Closet Doors San Diego | General Millwork Supply Closet Doors of All Types

The first thing about closet doors is to decide to have one or not.
The absence/presence of a door is just as important a feature as the kind of door you choose. Most people do not close the door to their walk in closet. So, many just take them off or often they are not designed in at all.

If you have a master suite, you possibly do not have a door between the bedroom and the bathroom, the bedroom and the walk in closet or between the walk in and the bathroom.
One reason to have a door between the bathroom and the walk in closet is humidity. In areas with higher air humidity, such as we have here in Southern California it is a good idea to have a door to keep the humidity from penetrating the closet.

Kitchens nowadays are built without doors. You just walk into them. The same may happen with a walk in closet. Overall modern architecture designs less corridors, less walls, and less doors to create an open concept, but there are plenty of situations in our homes where we still need doors and here are the main types of doors that are used for closets. Which door you choose depends mostly on the required width for the opening, your style choices, and your budget.

Types of Closet Doors for San Diego County Homes

Closet Doors that simply swing in or out are the most common types of doors. They are used for reach in closets that are not much wider than an average door (like most hallway closets), and they are used for walk in closets. They are usually between 24″ and 36″ wide.
If a reach in is wider, the following doors are used:

Sliding closet doors (also known as bypass or mirrored closet doors): See more information on Sliding Doors HERE.

Bifold doors: Bifolds come in two-panel and four-panel configurations. Each panel is paired to another panel with a set of hinges. The most common bifold door sizes are 4, 5 and 6 feet—each with two pairs of panels. Also used often are half-sets of doors in 2-, 2-1/2- and 3-foot configurations.

Advantages of Bi- Folds: Bifolds require less room than swinging doors in front of the closet because of how the doors fold as they are opened. The doors are light and tend to be inexpensive. You can also save costs on trim if you really want to cut corners and install the doors without a jamb and casing. 

Pocket doors sometimes replace a swing in or out door. This relatively rare kind of door is easy for wheel chair access, and it works well when there is no room for a door to either swing in or out of a room. Sometimes they are the only solution for a bathroom door with limited space.

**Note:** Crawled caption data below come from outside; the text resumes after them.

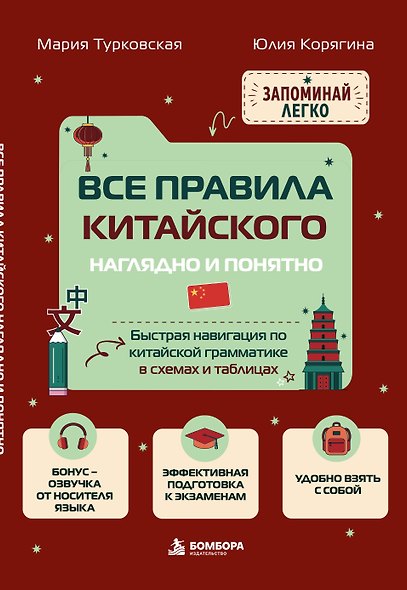 Все правила китайского наглядно и понятно. Быстрая навигация по китайской грамматике в схемах и таблицах - фото 1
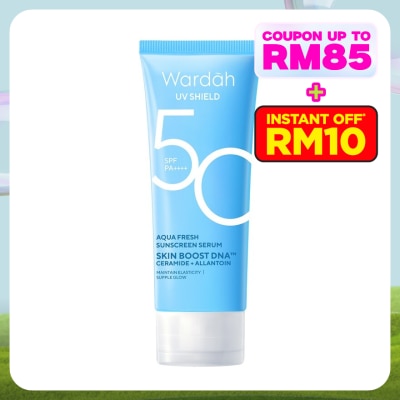 WARDAH UV Shield Aqua Fresh Sunscreen Serum SPF 50 PA++++ 30 ml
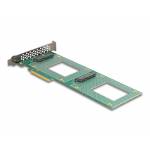 Delock - DELOCK PCI Express 4.0 x8 Karte zu 2 x intern U.2 NVMe SFF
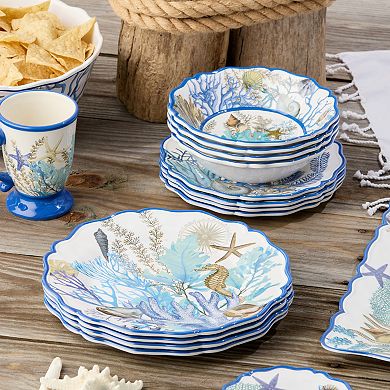Certified International Blue Lagoon 12-pc. Dinnerware Set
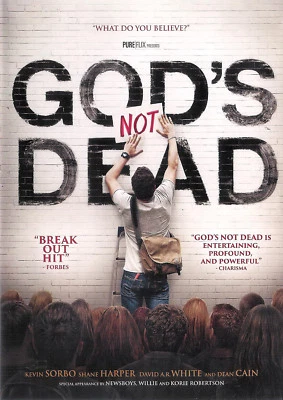 Gods Not Dead ~ Shane Harper Kevin Sorbo David White ~ DVD ~ FREE Shipping USA - Image 1 of 2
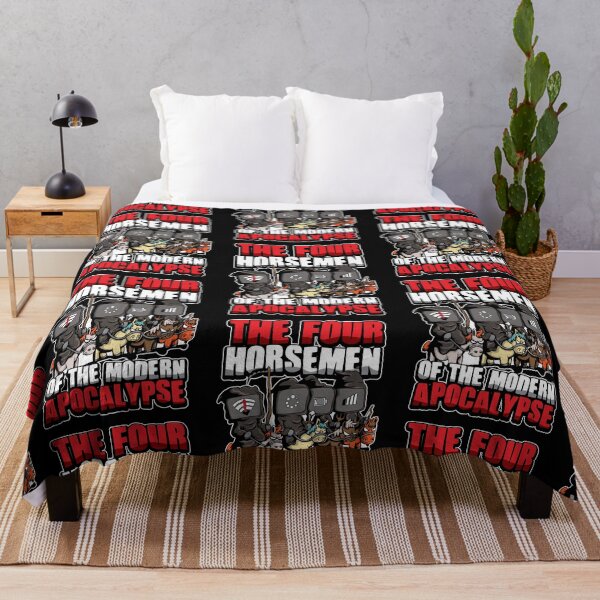 Item preview, The Four Horsemen Of The Modern Apocalypse designed and sold by anziehend.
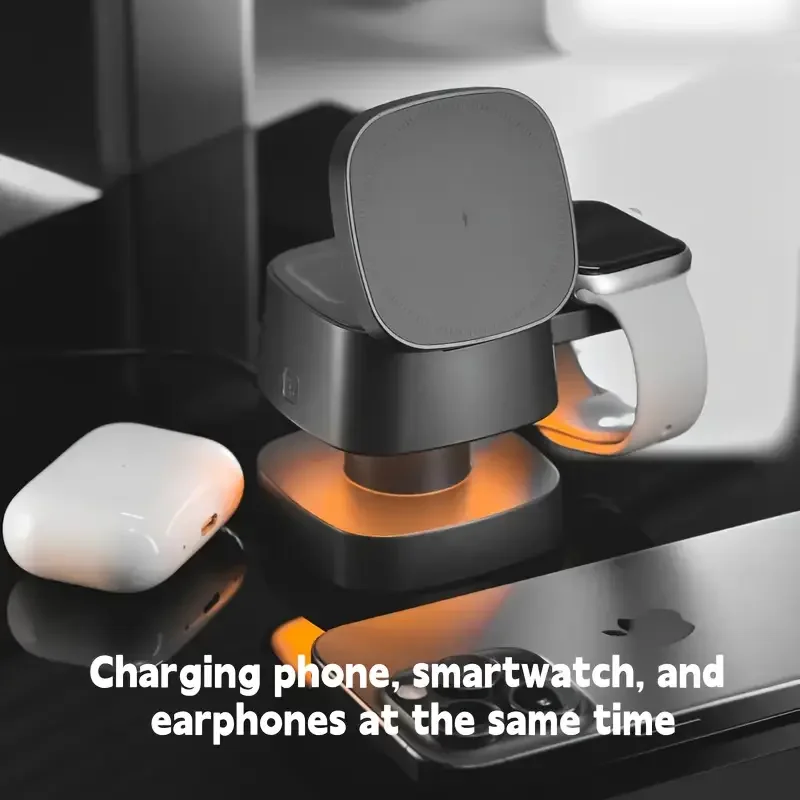 Cargador inalámbrico magnético - Wireless Charger 3 In 1 reseña y precio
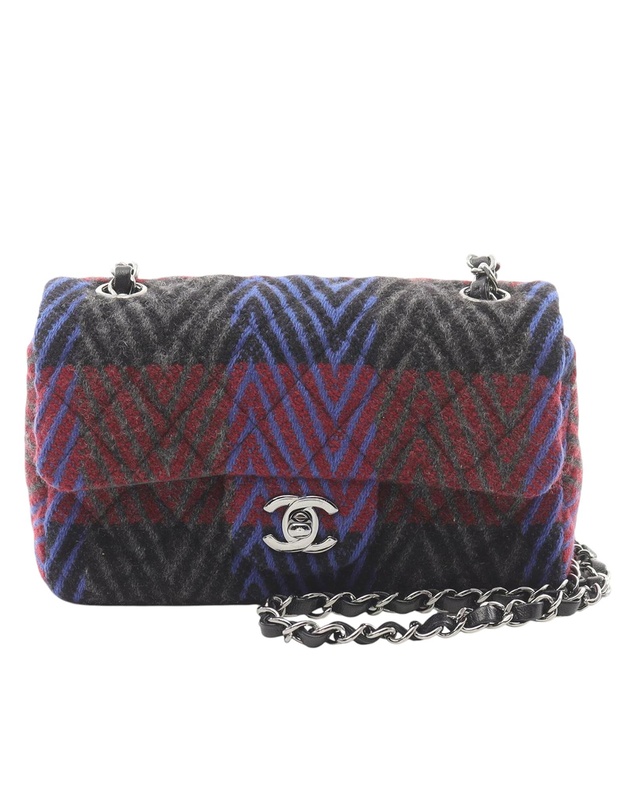 Pre-Loved by Azura Reborn - Pre-Loved Mini Rectangular Classic Tweed Single Flap
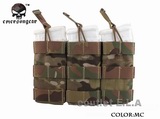 Emerson MOLLE Triple Open Top Magazine Pouch Multicam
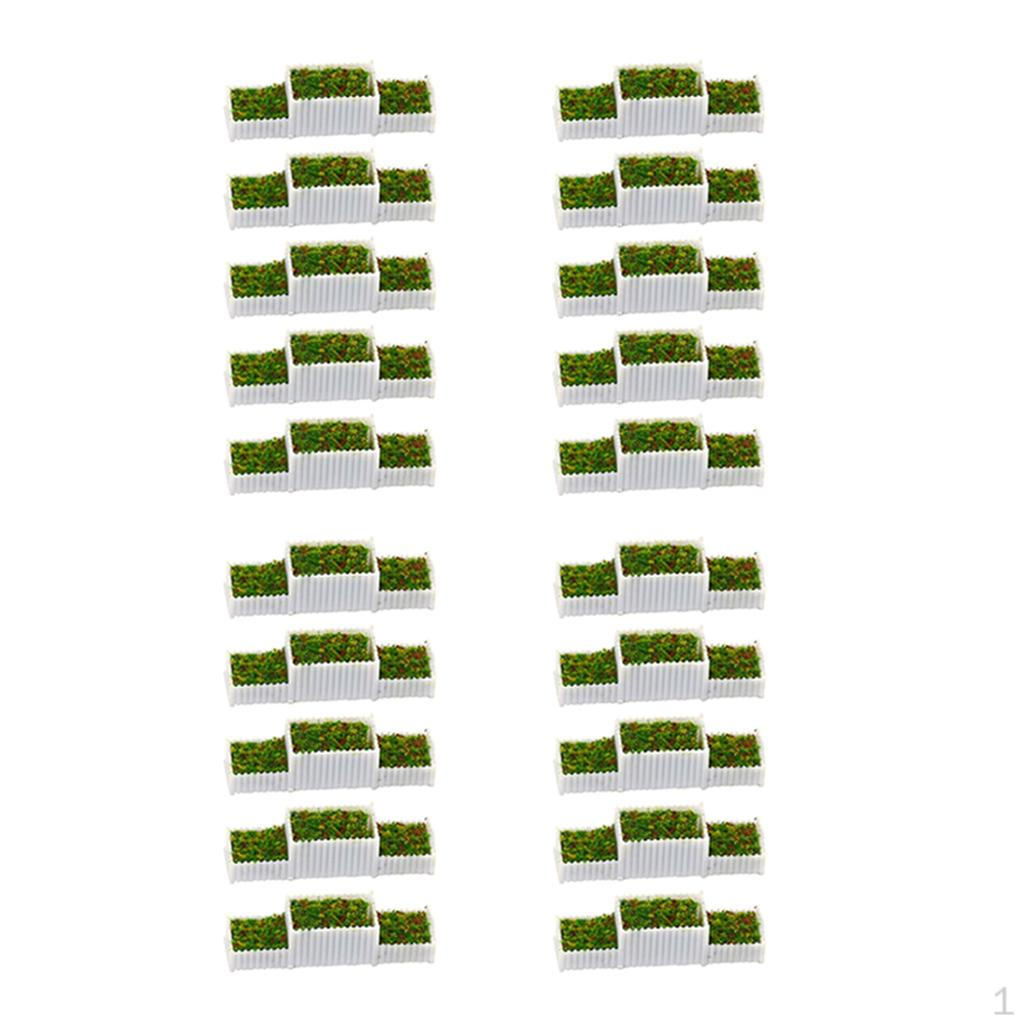 

20x OO 1:75 Flower Beds Set For Parking Scenery Layout Diorama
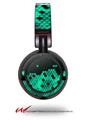 Decal style Skin Wrap for Sony MDR ZX100 Headphones HEX Seafoan Green (HEADPHONES  NOT INCLUDED)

Louvered closet doors or shuttered closet doors allow air to circulate and discourage mildew, making them a perfect solution for bathrooms, utility closets and laundry rooms. Cleaning, repairing or replacing them can seem daunting but there are useful tips that that don’t require complete disassembling.

Tips for Installing Closet Doors:
• Leave a little extra room when trimming the door opening for proper operation.
• Determine which trim method you will use. You can go with no jamb, half jamb, full jamb, full jamb with 1-by-1 inset, or full jamb with a half jamb overlapped in casing. The trim design will determine the rough framing opening.